Tuesday 21 November 2017

Budget obsession


The annual obsession of Britain's political and chattering classes with the government's budget is both  unhealthy and unrealistic.

Unhealthy because it is simply not true, for the vast majority of us, that a little bit more or a little bit less income or spending power is going to make much difference to the quality of our lives and our happiness.  Yet on Thursday (the budget is tomorrow, Wednesday) the papers will be full of charts and columns showing how the budget will affect the incomes  and spending of various groups: single people; single mothers with one, two or three children;  happy families with a mother, father and 2.4 children; pensioner couples, and single pensioners.

For all of these groups a decision to take a twenty-minute walk every day, to eat less junk food, and to smile more often at our neighbours, would make far more difference to the quality of our lives than any decision the chancellor of the exchequer can make.

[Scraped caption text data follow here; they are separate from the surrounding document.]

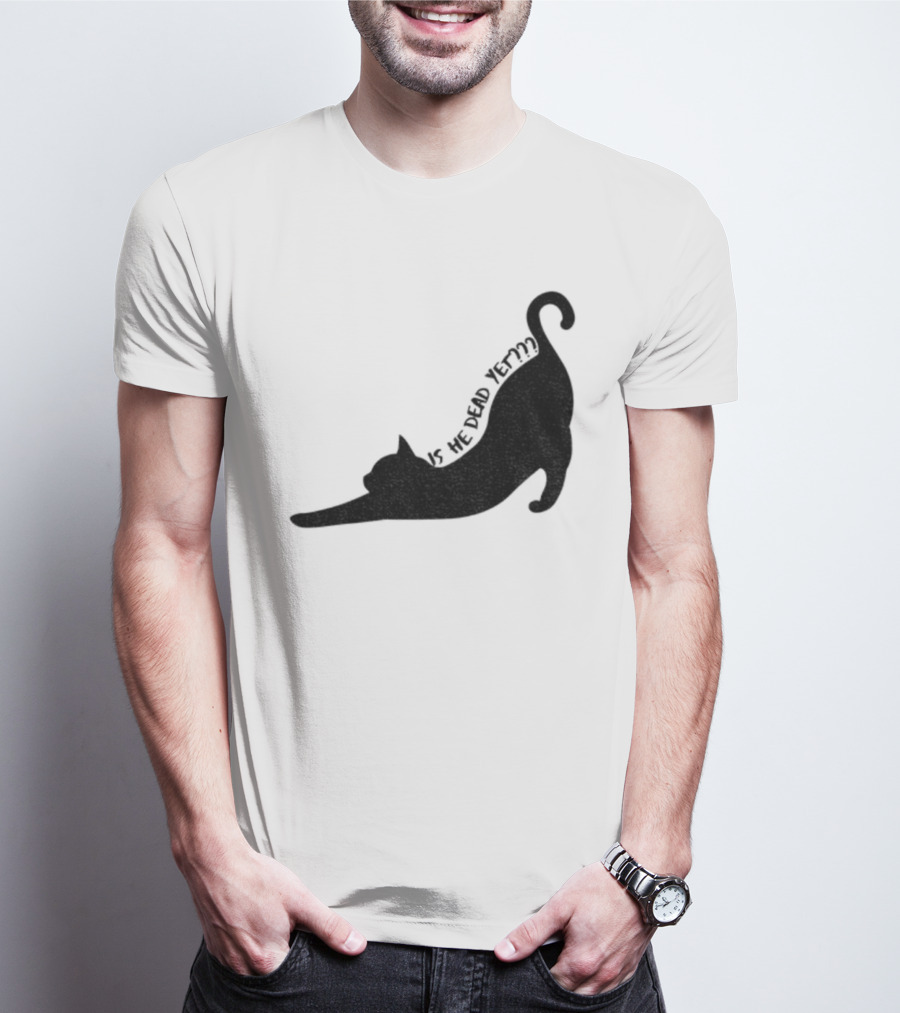 Anti-Trump Cat Is He Dead Yet Funny Political Humor T-Shirt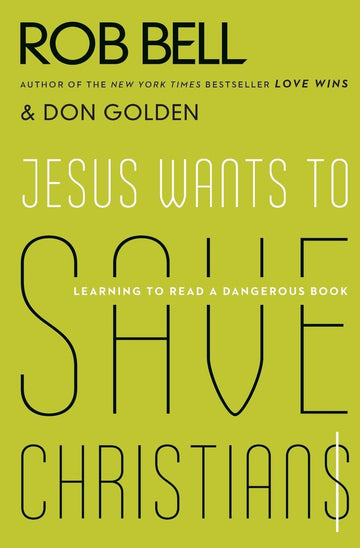 Jesus Wants to Save Christians: Learning to Read a Dangerous Book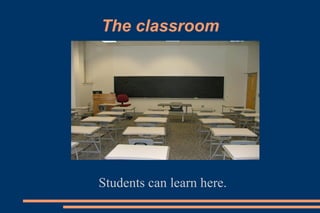 The classroom
Students can learn here.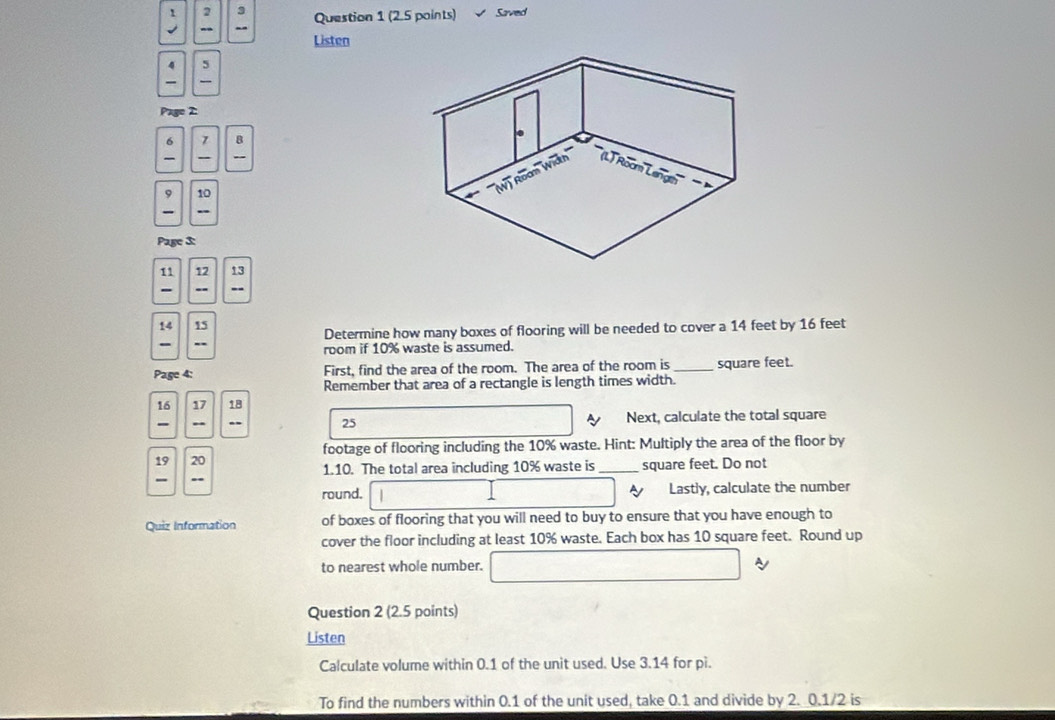 2 3 
- -- Question 1 (2.5 points) Saved 
Listen 
5 

Pag 
6 1 B 
- 
9 10
Page 3:
11 12 13
- -- --
14 15
Determine how many boxes of flooring will be needed to cover a 14 feet by 16 feet
room if 10% waste is assumed. 
Page 4: First, find the area of the room. The area of the room is _ square feet. 
Remember that area of a rectangle is length times width.
16 17 18
- - Next, calculate the total square
25
footage of flooring including the 10% waste. Hint: Multiply the area of the floor by
19 20 1.10. The total area including 10% waste is_ square feet. Do not 
` 
round. Lastly, calculate the number 
Quiz Information of boxes of flooring that you will need to buy to ensure that you have enough to 
cover the floor including at least 10% waste. Each box has 10 square feet. Round up 
to nearest whole number. A 
Question 2 (2.5 points) 
Listen 
Calculate volume within 0.1 of the unit used. Use 3.14 for pi. 
To find the numbers within 0.1 of the unit used, take 0.1 and divide by 2. 0.1/2 is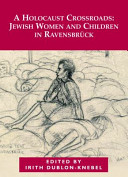 A Holocaust crossroads : Jewish women and children in Ravensbrück /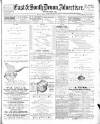 East & South Devon Advertiser. Saturday 13 August 1892 Page 1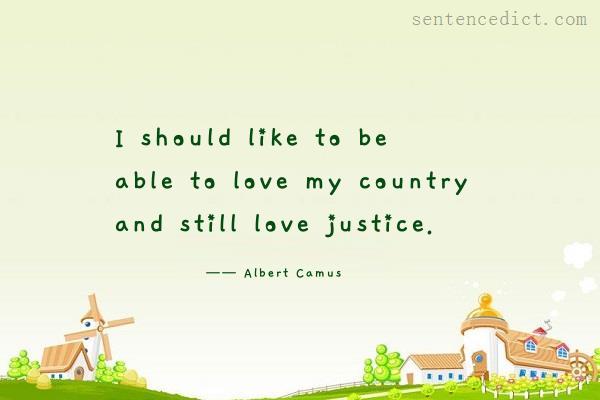 Good sentence's beautiful picture_I should like to be able to love my country and still love justice.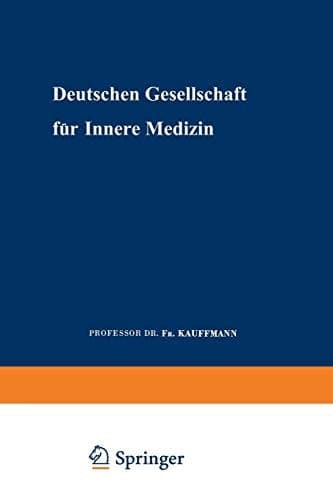 Verhandlungen der Deutschen Gesellschaft für Innere Medizin Zweiundsechzigster Kongress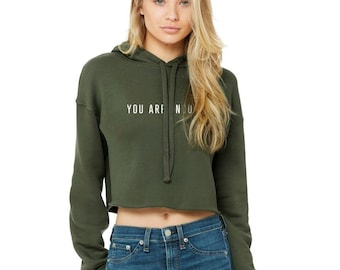 You Are Enough Cropped Noodie or Hoodie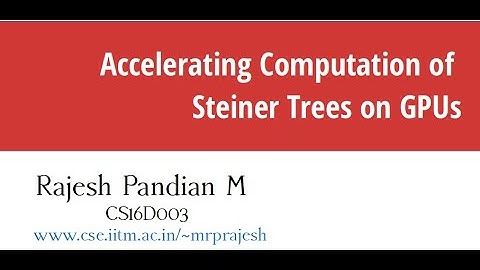 Accelerating Computation of Steiner Trees on GPUs  | Rajesh Pandian M | IJPP 2022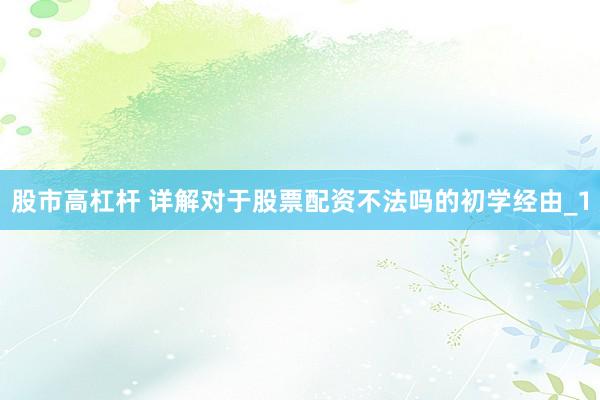 股市高杠杆 详解对于股票配资不法吗的初学经由_1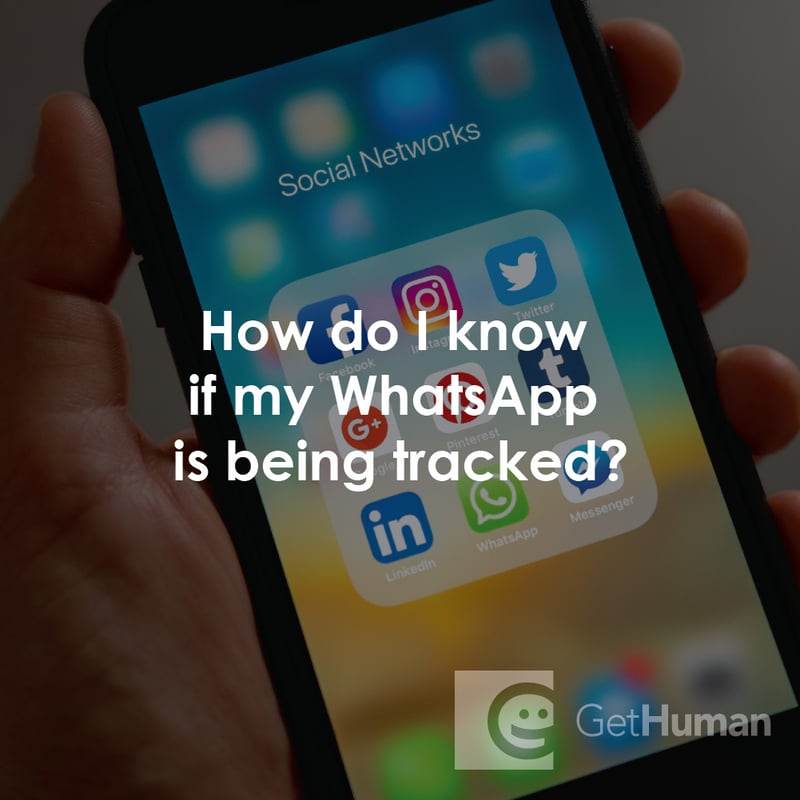 How Do I Know If My WhatsApp Is Being Tracked?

That is not to say that those on and below the margin, some twenty percent of our population, will not be affected by minor changes in their incomes, but these can be made, and often are, at any time on the year. .A decision to cut the "waiting time" for universal credit from six to four weeks has already been made, and it should now  be reduced by anther two,  There's bags of opportunity to force builders hoarding land with planing permission (a problem that  has existed for decades, but which the government has apparently only just recognised) to build on it or lose it.

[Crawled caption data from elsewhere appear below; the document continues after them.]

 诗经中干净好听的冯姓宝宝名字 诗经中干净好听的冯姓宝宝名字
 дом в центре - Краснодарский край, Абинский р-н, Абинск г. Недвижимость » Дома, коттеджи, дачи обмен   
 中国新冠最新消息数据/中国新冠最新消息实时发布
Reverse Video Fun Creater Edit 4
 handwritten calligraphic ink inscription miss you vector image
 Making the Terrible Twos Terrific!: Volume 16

There is no need to parcel all the possible improvements into one piece of political theatre.

Unrealistic because  there is the expectation  that the budget, for good or ill, will turn round the fortunes of the government.  Uniquely I think, some members of the governing party are hoping that the budget will be a flop as  this will enable them to get rid of the chancellor becasue he is insufficiently enthusiastic about Brexit.  But how many. other than anoraks (and not all of those)  now remember the details of last year's budget, or even George Osborne's omishambles?

More seriously, it is unrealistic that one collection  of economic tweaks  is going to transform the ailing British economy. As Larry Elliott pointed out here; 

"even before the referendum Britain was running a record current account deficit, growth was being pumped up by an overheating housing market, factories were still producing  less than before the start of the financial crisis, and people in the poorest parts of the country were being targeted  with deep cuts in welfare benefits."

Since the referendum matters have worsened. The pound has depreciated by some 15%, fuelling inflation; investment  has been held back because of the uncertainty caused be Brexit, and influential firms and organisations are either planning or actually moving to other countries. Yesterday, for example, it was announced that Goldman Sachs would make Paris and Frankfurt their post-Brexit" hubs,"  and two EU institutions will, not unexpectedly, move out of London:  the Banking Authority also to Paris and the Medicines Agency to Amsterdam.

There used to be a "joke" that it took three  miles (or was it three leagues?) to turn round the RMS Queen Mary.  Something similar can be said of the British economy: it well take not one but a decade or more   of the constructive budgets to put matters right..  There is no shortage of such constitutive ideas.  My own humble Keynesian contribution was published as early as 2011 and can be seen here.It all remains highly relevant, though I would now add, of course , that we abandon Brexit.

If Mr Hammond sticks to his guns tomorrow's budget may make a start, but I suspect it will be modest.